**Information given:**
⟨

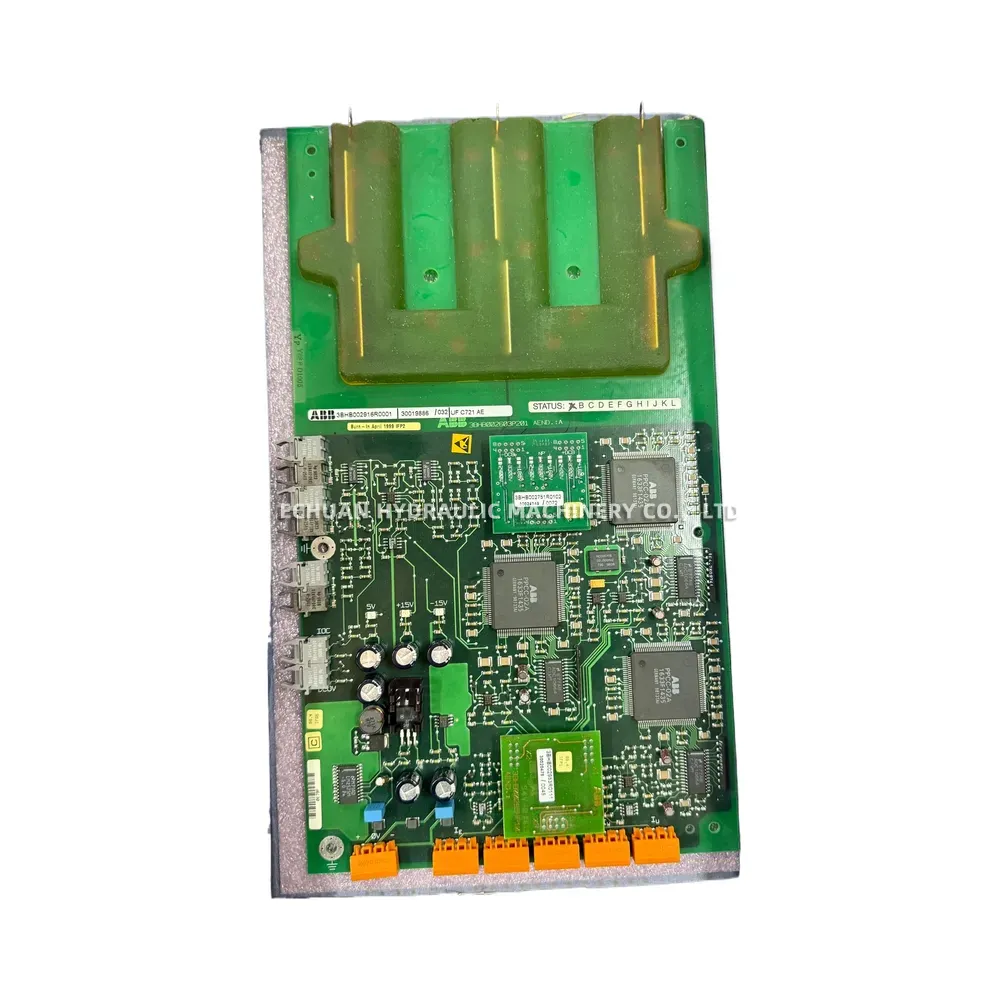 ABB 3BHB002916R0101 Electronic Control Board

⟩
⟨

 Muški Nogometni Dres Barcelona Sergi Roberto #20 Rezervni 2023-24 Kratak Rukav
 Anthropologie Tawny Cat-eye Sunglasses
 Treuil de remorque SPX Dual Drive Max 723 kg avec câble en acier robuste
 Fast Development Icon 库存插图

⟩
⟨

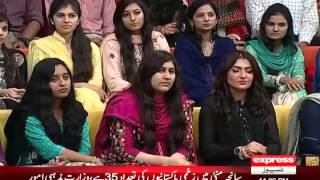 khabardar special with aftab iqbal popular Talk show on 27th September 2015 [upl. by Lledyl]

⟩

**Task prompt:** Please return the lines above that run from the line containing "Muški Nogometni Dres" to the line containing "Fast Development Icon 库存插图", inclusive, exactly and with no other lines.

**Response to this exercise:**
 Muški Nogometni Dres Barcelona Sergi Roberto #20 Rezervni 2023-24 Kratak Rukav
 Anthropologie Tawny Cat-eye Sunglasses
 Treuil de remorque SPX Dual Drive Max 723 kg avec câble en acier robuste
 Fast Development Icon 库存插图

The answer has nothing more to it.